Deus disse: \x{201C}Façamos o homem a nossa imagem e semelhança\x{201D} (Gênesis 1,26). Esse \x{201C}façamos\x{201D} continua sendo feito. Eu e você ainda não somos totalmente imagem e semelhança de Deus, porque todos nós ainda estamos sendo feitos, plasmados e transformados. Estamos saindo do caos para nos tornar imagem e semelhança de Deus. Nossa vida é um tempo de transformação, e isso comporta sofrimento. Para transformar um pedaço de ferro em uma peça de máquina ou um metal em uma jóia preciosa há muito trabalho e muito sofrimento. O metal precisa ser derretido em um fogo muito intenso, depois retorcido para tomar forma e, finalmente, esmerilhado e limado para ficar totalmente liso. Nós passamos por tudo isso e achamos que o Senhor está sendo cruel conosco. Nem imaginamos a "peça" que Ele está querendo fazer de nós. Todos somos uma "peça" única, pois nenhum de nós é igual ao outro. Você é único! E o Altíssimo está agindo justamente para fazer o único que você é. Somos tão tolos que queremos ser aquilo que pretendemos e pensamos ser. Ou pior, queremos ser iguais a todo o mundo. O Senhor quer fazer de nós a "peça" de que Ele precisa, por isso não adianta querermos ser como os outros. Toda a nossa vida de cristãos precisa estar voltada para esta realidade. Caminhar para chegar à santidade original, à estatura do homem perfeito: Jesus Cristo. É uma tarefa longa e árdua. É uma cooperação, uma obra conjunta de Deus e de cada um de nós, assumindo responsavelmente as rédeas da nossa própria formação. Essa tarefa dura a vida toda, é permanente. À medida que caminhamos com serenidade, buscando o nosso crescimento pessoal, provocamos uma reação em cadeia que irá atingir outros mais e assim vamos realizando a grande vontade de Deus de sermos homens novos para um mundo novo. Seu irmão, Monsenhor Jonas Abib
Evangelho - Jo 16,29-33 Semana de Oração pela Unidade dos Cristãos - 24 a 31 de maio
Então os seus discípulos disseram: - Agora, sim, o senhor está falando claramente e não por meio de comparações. Sabemos agora que o senhor conhece tudo e não precisa que ninguém lhe faça perguntas. Por isso nós cremos que o senhor veio de Deus. E Jesus respondeu: - Então agora vocês crêem? Pois chegou a hora de vocês todos serem espalhados, cada um para a sua casa; e assim vão me deixar sozinho. Mas eu não estou só, pois o Pai está comigo. Eu digo isso para que, por estarem unidos comigo, vocês tenham paz. No mundo vocês vão sofrer; mas tenham coragem. Eu venci o mundo.
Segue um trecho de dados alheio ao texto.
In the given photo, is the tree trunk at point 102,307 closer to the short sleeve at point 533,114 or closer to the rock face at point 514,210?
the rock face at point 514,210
LEITURA ORANTE Semana de Oração pela Unidade dos Cristãos ( veja depois da Leitura Orante, a sugestão de celebração)
1. Leitura (Verdade) O que diz o texto do dia? Leio atentamente o texto: Jo 16,29-33, e observo os discípulos dialogando com Jesus. A assimilação prática dos ensinamentos de Jesus estão sendo assimiladas aos poucos pelos discípulos. O Mestre sabe que, apesar disso, os seus mais próximos seguidores, se dispersarão, o abandonarão na hora mais decisiva de sua vida, a sua Paixão. Os discípulos entendem intelectualmente, mas na hora de demonstrar isto na prática, abandonam Jesus. Mas, Ele, prevendo esta fraqueza, os anima, dizendo-lhes que mesmo na deserção dos amigos, Deus não o abandonará: "O Pai está comigo". E adianta-lhes: "vocês vão sofrer, mas tenham coragem. Eu venci o mundo".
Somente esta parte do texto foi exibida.